Bringing computers to light
Lighting design, online, in three dimensions
Posted January 2001
The house lights dim, the stage lights go up and the technical magic of theater begins. With the push of a button, a 13-minute automated show fills the theater with a continuously changing dance of lights, color, movement, music and sounds.
The demonstration by R. Lee Kennedy, associate professor of lighting design in the department of drama, shows students in his undergraduate lighting course how to orchestrate theater lights — to control their intensity, focus, patterns and colors and to direct the movement of robotic lights.
“Lighting is all about the experience of light in three dimensions in real time,” Kennedy said. And the experience is powerful.

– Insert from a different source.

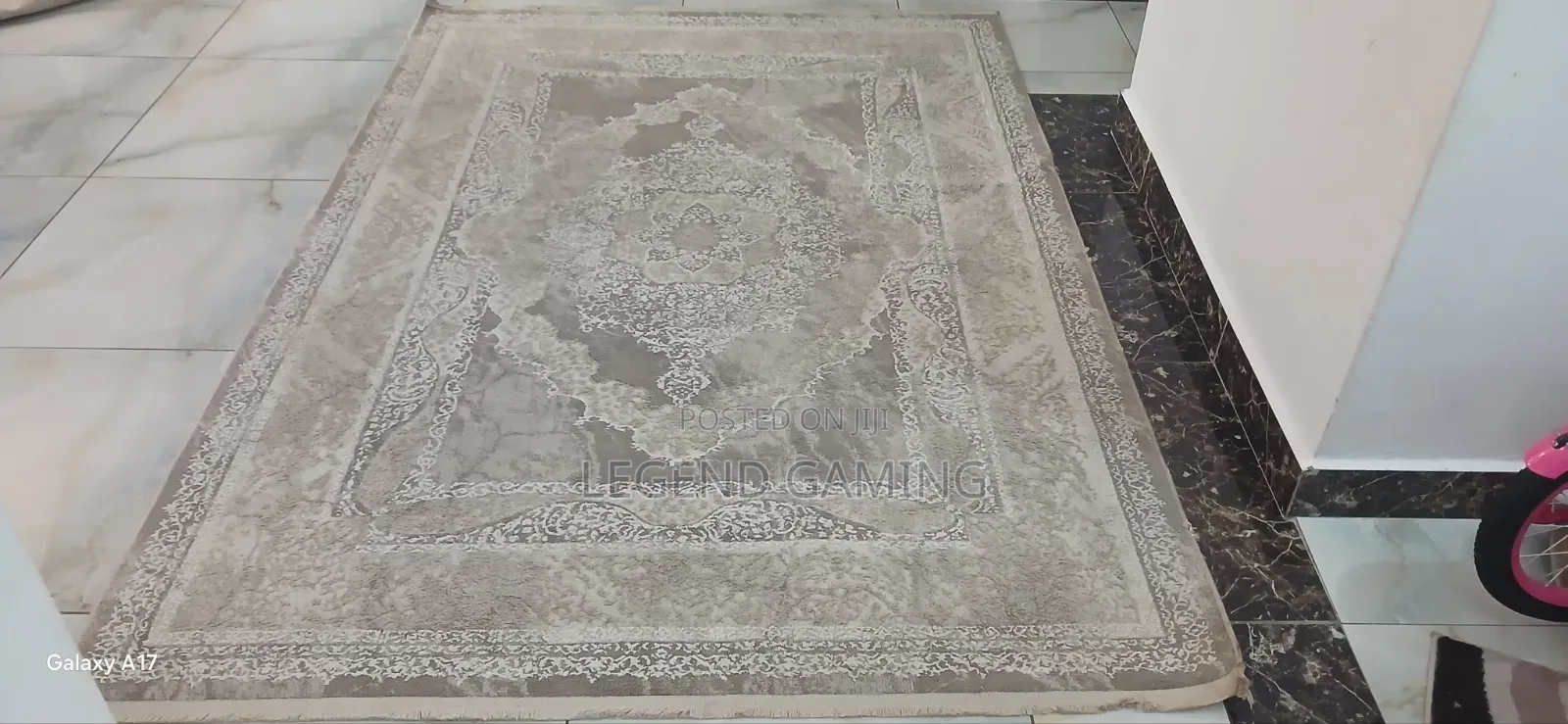 Modern Turkish Style Medallion Carpet – Low Pile / Vintage Finish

To enable his students to focus on lighting design and critical thinking, Kennedy has developed an automated lighting studio, a Web-based computer interface that brings together instructional media and computerized lighting control. A practical advantage is that the program bypasses the time-consuming task of manually setting up lights.

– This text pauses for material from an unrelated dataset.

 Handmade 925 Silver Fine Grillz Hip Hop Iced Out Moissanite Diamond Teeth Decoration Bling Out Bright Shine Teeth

Kennedy’s Web-based instructional material is “cutting-edge, or at least bleeding-edge,” he said. “It’s the first project I’m aware of that closes the gap between traditional computer-based instructional technology and stage lighting performance technology.”

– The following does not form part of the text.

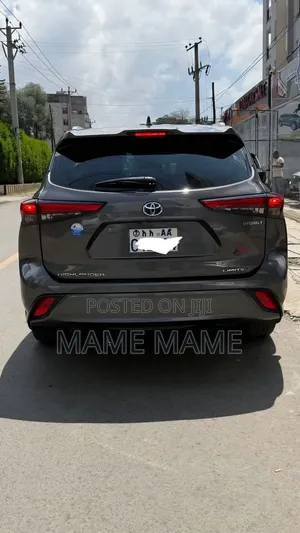Toyota Highlander 2023 Gray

His innovative joining of applications combines a fixed array of remotely controlled, automated lighting instruments, an ordinary personal computer and free lighting control software. Students use a simple Web browser to bridge the technical theory of theater lighting and the practical manipulation of lights in the studio. In fact, students with no lighting experience can have immediate hands-on interactivity using only basic Web navigating skills.
“The learning curve is accelerated,” Kennedy said. “The students are able to experiment and develop projects that are much more sophisticated than with traditional classroom instruction.”
Another advantage is that students can work off-line. The lighting software uses a standard file format that can readily be transferred over networks, stored on floppy disks, e-mailed as attachments or embedded in Web pages. The portability allows instruction, as well as work on assignments and projects, to take place both in and out of the studio.
The automated lighting studio also reduces Kennedy’s time-consuming class preparation and in-class set-up. The automated lights are installed in a standard configuration that allows him to pre-program interactive lectures and demonstrations. More time is available for student work and one-on-one instruction.